The House of Lords gave reasons for allowing on 20 July 1992 an appeal by the Director of Public Prosecutions on behalf of the Swedish government from the Queen's Bench Divisional Court's decision granting the respondent, Thomas Alves, an application for habeas corpus.
In 1985 Stephen John Price pleaded guilty in Sweden to drug offences relating to the distribution of a large quantity of cannabis and was sentenced to seven years. While serving that sentence, Price was examined by a Swedish district judge and gave evidence, recorded on tape, implicating the respondent.
In 1989 the Swedish government began proceedings for the extradition of the respondent on charges relating to the importation and distribution of cannabis in Sweden. In 1990 Price was released from prison and returned to this country. In July 1990, Price, at the request of the respondent's solicitors, swore an affidavit repudiating his Swedish evidence in so far as it implicated the respondent.
Committal proceedings, following the Secretary of State's order to proceed, took place in August 1990. A transcript of Price's evidence in Sweden, which was admissible under paragraph 12 of the First Schedule to the Extradition Act 1989, was admitted in evidence. Price gave evidence in person on behalf of the respondent and repudiated his evidence in Sweden in so far as it implicated the respondent. The Metropolitan Stipendiary Magistrate decided to commit the respondent to custody pending extradition to Sweden.
The Divisional Court granted the respondent's application for habeas corpus. The DPP, on behalf of the Swedish government, appealed.
Clive Nicholls QC and Clare Montgomery (CPS) for the DPP; Alan Newman QC and Donald Broatch (Julius Melchior & Co) for the respondent.
LORD GOFF said that the transcript of Price's evidence before the Swedish Court was, prima facie, of itself sufficient to justify the decision of the magistrate that the respondent should be committed. However, before the magistrate Price retracted his Swedish evidence. Moreover, Price was an accomplice of the respondent. The question was whether the magistrate was, in those circumstances, entitled to commit.
The applicable test was to be found in R v Galbraith (1981) 73 Cr App R 124, 127 where Lord Lane CJ said that where the judge concluded that the prosecution evidence was such that a jury properly directed could not properly convict, it was his duty to stop that case. But where the strength or weakness of the prosecution evidence depended on the view taken of a witness's reliability or other matters within the province of the jury and where on one possible view of the facts there was evidence on which a jury could conclude that the defendant was guilty then the judge should allow the matter to be tried by the jury. There could be more than one possible explanation why a witness might retract evidence and one possibility might be that it was the later retraction, rather than the earlier evidence, which was not worthy of belief.

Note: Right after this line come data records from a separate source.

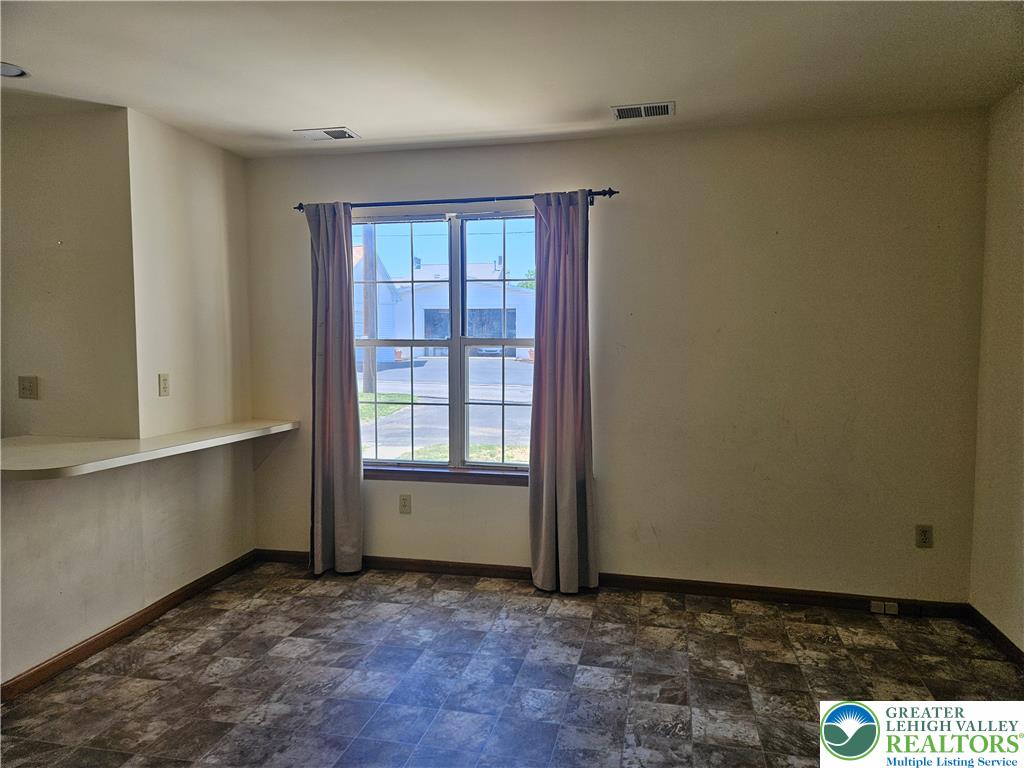 363 Minor Street Property Photo 9
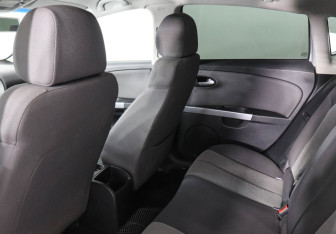 Подержанный автомобиль SEAT Leon Hatchback 2011 года (12 фото)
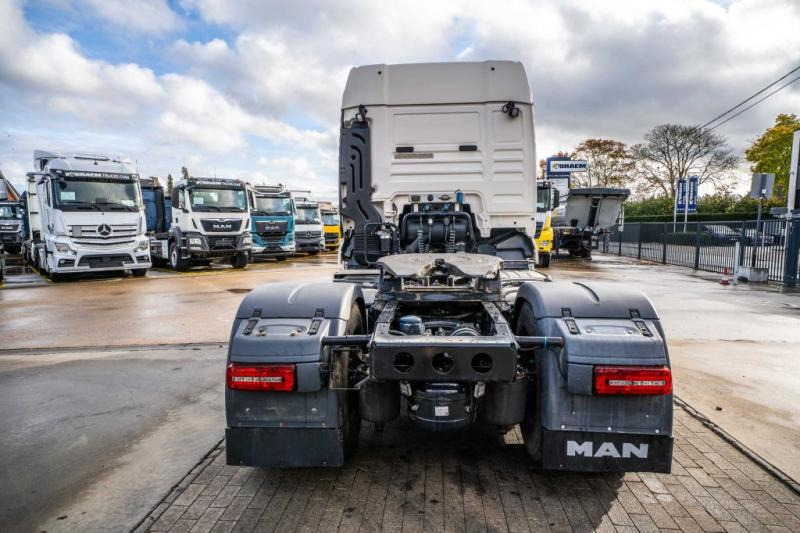 MAN TGX 18.470 XLX BLS+HYDR. - Nyergesvontató: 5 kép. MAN TGX 18.470 XLX BLS+HYDR. - Nyergesvontató: 5 kép.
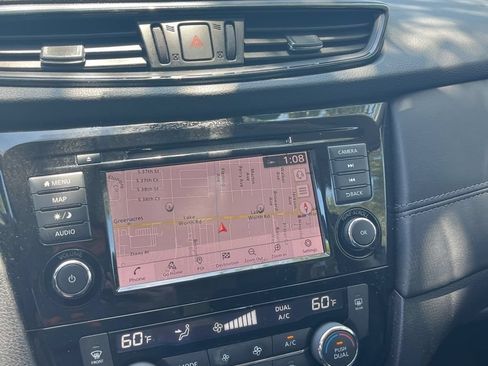 Used 2018 Nissan Rogue SL w/ Premium Package FWD image 18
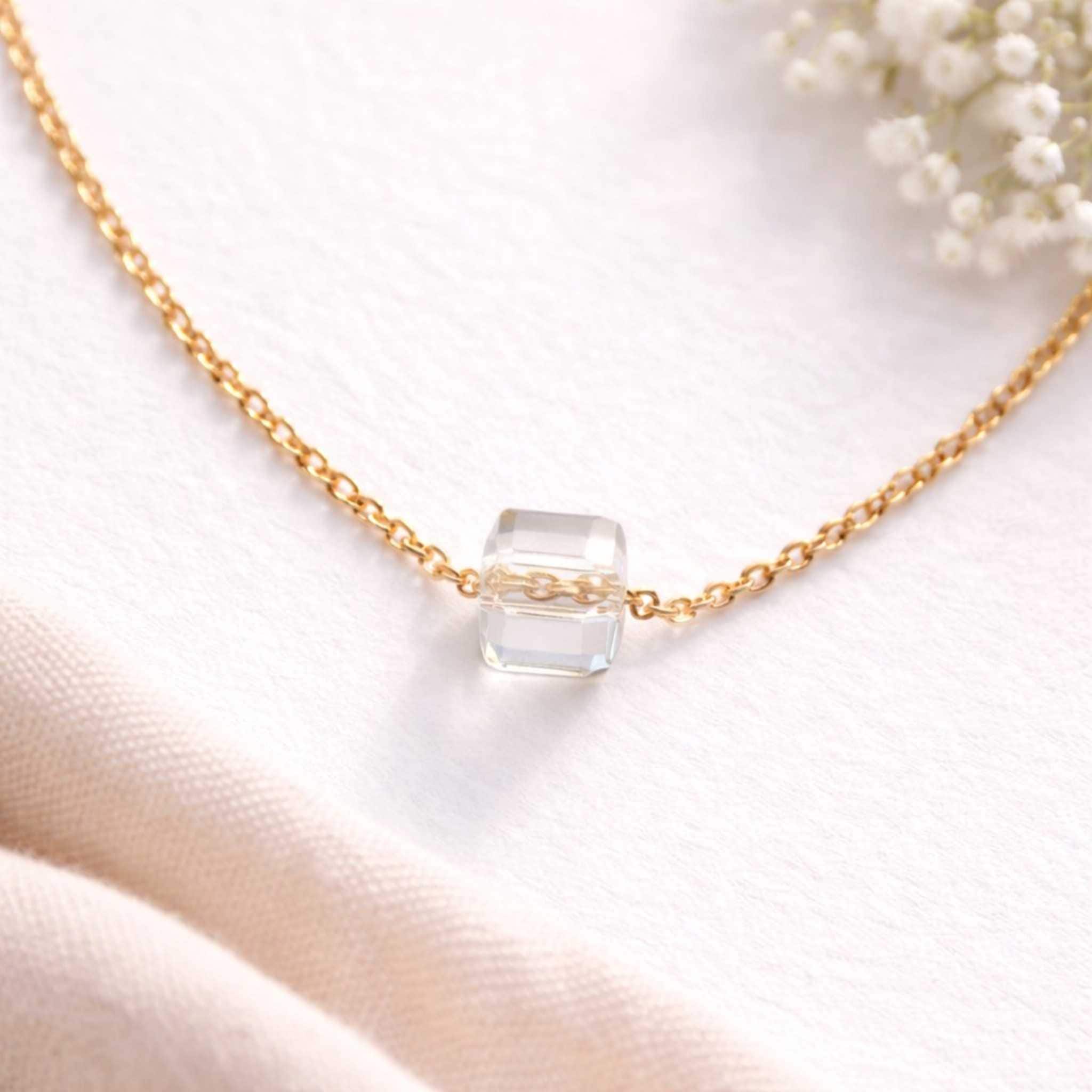 Dainty Necklace Crystal Cube thumbnail 2
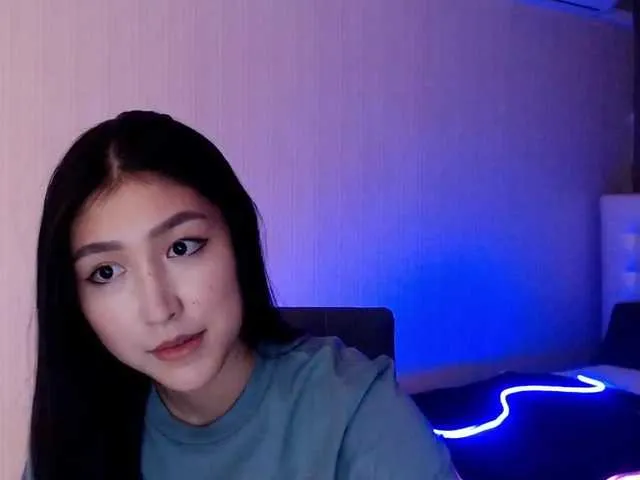 Live sex webcam photo for HatumiSou #288044582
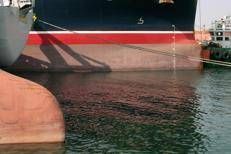 Una petroliera all'ancora nel porto di Dubai (foto Afp)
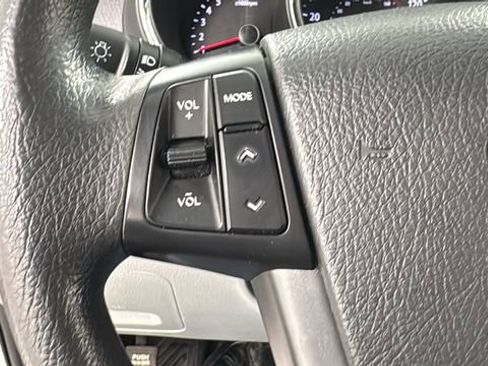 Used 2013 Kia Sorento LX image 23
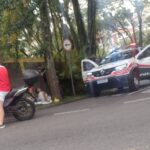 Casal é flagrado em ato íntimo em calçada na Vila Euclides; PM é acionada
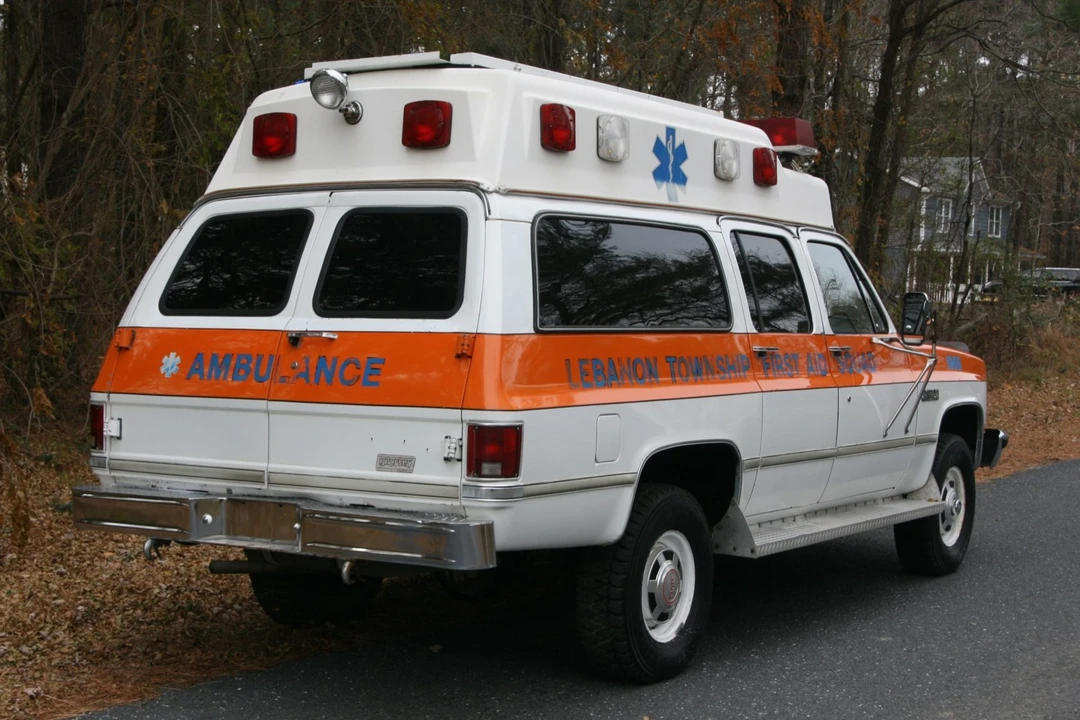 1984 GMC Suburban 7th Gen - Image 9 of 31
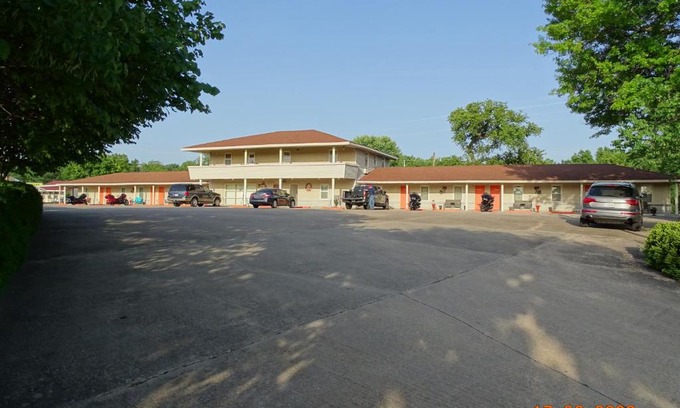 Carthage Hotel | Best Budget Inn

It could not be right that retraction of evidence previously given in the requesting state would ipso facto discredit the evidence and so deprive the magistrate of any power to commit on that basis.
If the magistrate concluded, on the evidence before him, that the previous evidence was such that a jury properly directed could not properly convict, then on the principle stated in Galbraith, he should not commit. The magistrate should reject any evidence which he considered to be worthless.
But otherwise, if the prosecution evidence was such that its strength or weakness depended on the view to be taken of its reliability, the magistrate was entitled to act upon that evidence in deciding whether was sufficient evidence to justify an order for committal. That was evidently the conclusion reached by the magistrate. It was a conclusion which he was entitled to reach on the evidence before him.
The same approach applied to the fact that Price was an accomplice. Such a fact could not ipso facto render Price's evidence worthless, even where, as here, the evidence of the accomplice was uncorroborated.
The magistrate, no doubt, took into account the fact that Price was an accomplice, together with the fact that Price had retracted his earlier evidence implicating the respondent, when deciding whether to make an order for committal. Mr Newman also submitted that there must be evidence before the magistrate to the effect that the courts of the requesting state had jurisdiction to try the respondent for his participation in the offences committed in Sweden, when he himself was not in Sweden.
However, that submission was inconsistent with the law as stated in R v Governor of Pentonville Prison, Ex parte Sinclair (1991) 2 AC 64, in which it was made clear that apart from consideration where appropriate whether the offence was an offence of a political character, the magistrate was not concerned with questions of foreign law at all.
Lord Templeman, Lord Roskill, Lord Bridge and Lord Jauncey agreed.